Little Bay Park in Bayside is a lovely place for people-watching. It is an oasis that runs about 1 mile along Little Neck Bay from Utopia Parkway underneath the Throgs Neck Bridge to the Cross Island Parkway.
In the winter, Little Bay Park is deserted, save for a few runners and an elderly Asian man who practices Tai Chi. The park seems to call its neighbors out of their middle-income homes and apartments to celebrate spring when it arrives. People saddle up their bikes, strap on Rollerblades, tighten running shoes, pack picnic baskets and leash their dogs.
On any spring weekend, what starts out in the morning as a trickle of people turns into a flood by the afternoon. Everyone can find enough space on the grassy areas to fly a kite or spread out a blanket. For those on the path, some stroll casually while others walk intently or race by on wheels.

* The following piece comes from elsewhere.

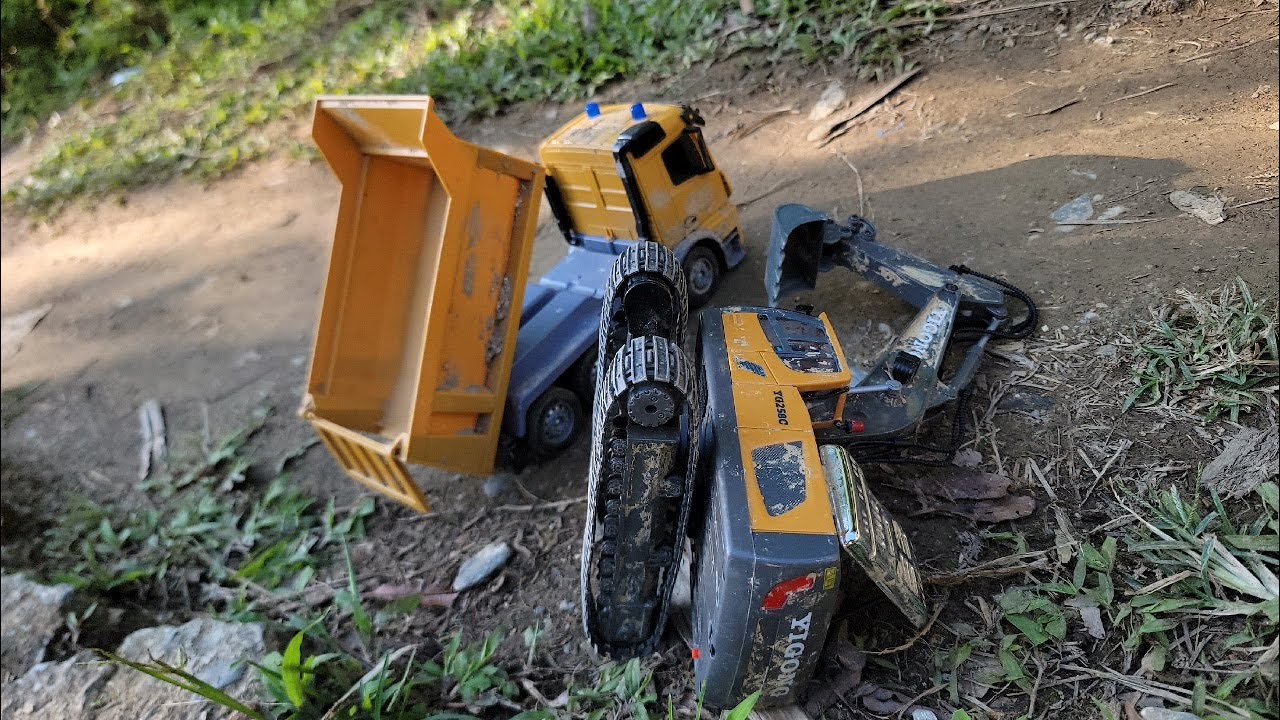 Excavator rescues overturned truck carrying super heavy corn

What really makes Little Bay Park the place to people-watch is its diversity. There seems to be an ambassador from each nation. Some 56 years ago, when my father graduated from a Bayside elementary school, his class picture showed only one black girl and two Asian children. Thirty years later, when I attended the same school, the school was not much different, except for one boy who wore his hair in a turban due to religious beliefs.
Bayside has changed. The U.S. Census reported that in 2000, only 65.6 percent of Bayside was of white. Asians made up 22.7 percent, Hispanics 11.8 percent and blacks 4.5 percent. Bayside and nearby areas have also welcomed Middle Eastern and South Asian people. Their addition represents cultural variety and a departure from the Judeo-Christian religious influence.

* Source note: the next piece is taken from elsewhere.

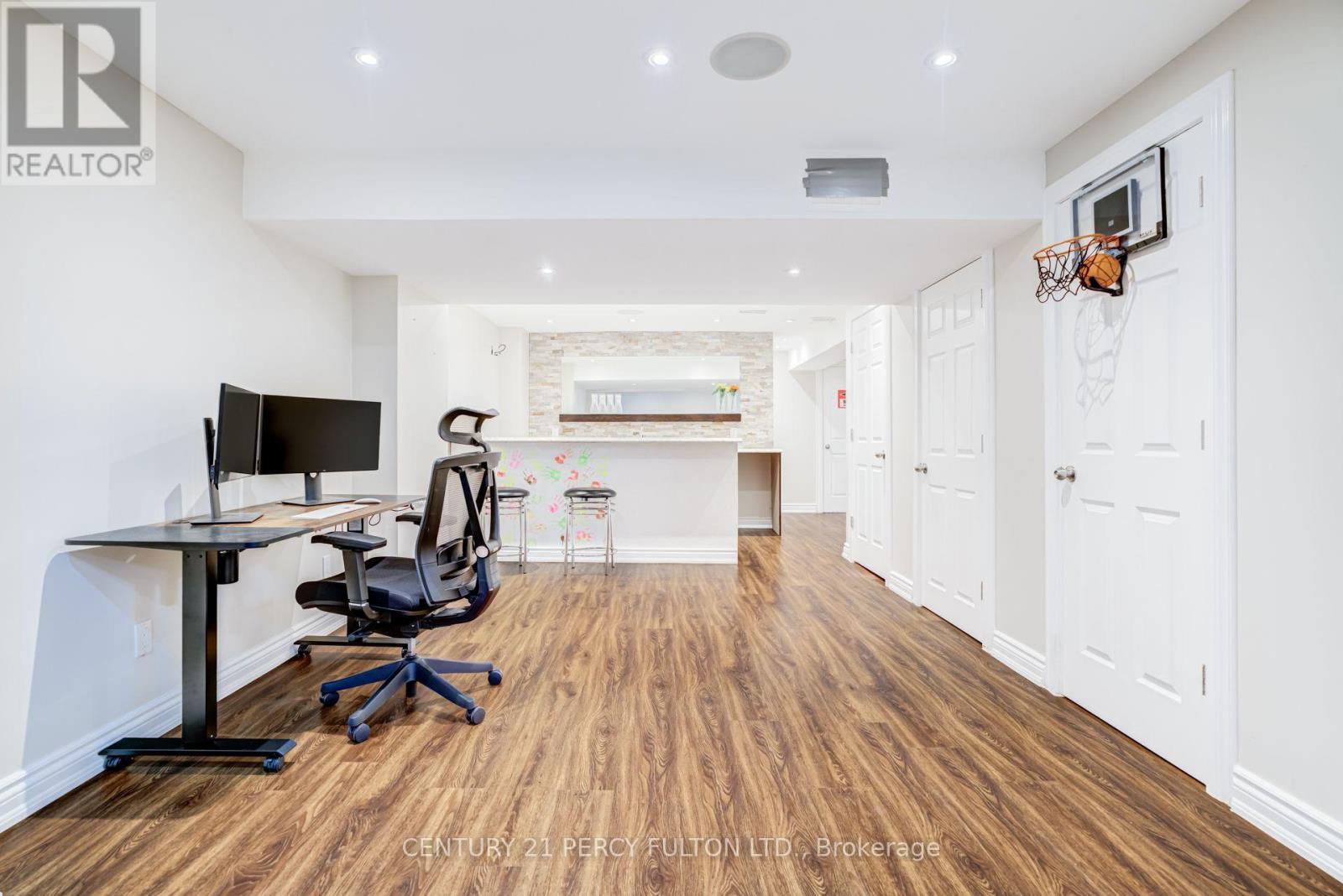 55 UNSWORTH CRESCENT - 36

For some older Bayside residents, diversity is unsettling but not necessarily unwelcome. Warren, an American-born man who has lived in Bayside for 42 years, noted that some of his newest neighbors are from Korea, India and Afghanistan. “You should be proud of where you come from, that's OK. But learn to speak a little more English,” he said, regarding the area's growing ethnic diversity.
Kareem and Donna, an interracial couple, moved to Bayside one year ago. He is from the Caribbean; she is half-Irish, half-Italian. While enjoying an afternoon walk through Little Bay Park with their two young daughters, the couple commented that here they do not think of themselves as interracial. Donna “loves Bayside” and Kareem deems it “the healthiest place in Queens.”
In Little Bay Park, neighborhood peoples have their colors on parade. Sparkling saris and demure head coverings walk side-by-side with jeans and shorts. Italians and Greeks play in the same orchestra as Iranians and Arabs.
Faces are as varied as flowers, but are as similar as family. The face holds the story and inspires wonder and curiosity: Who are you? How did you come here? What is your name?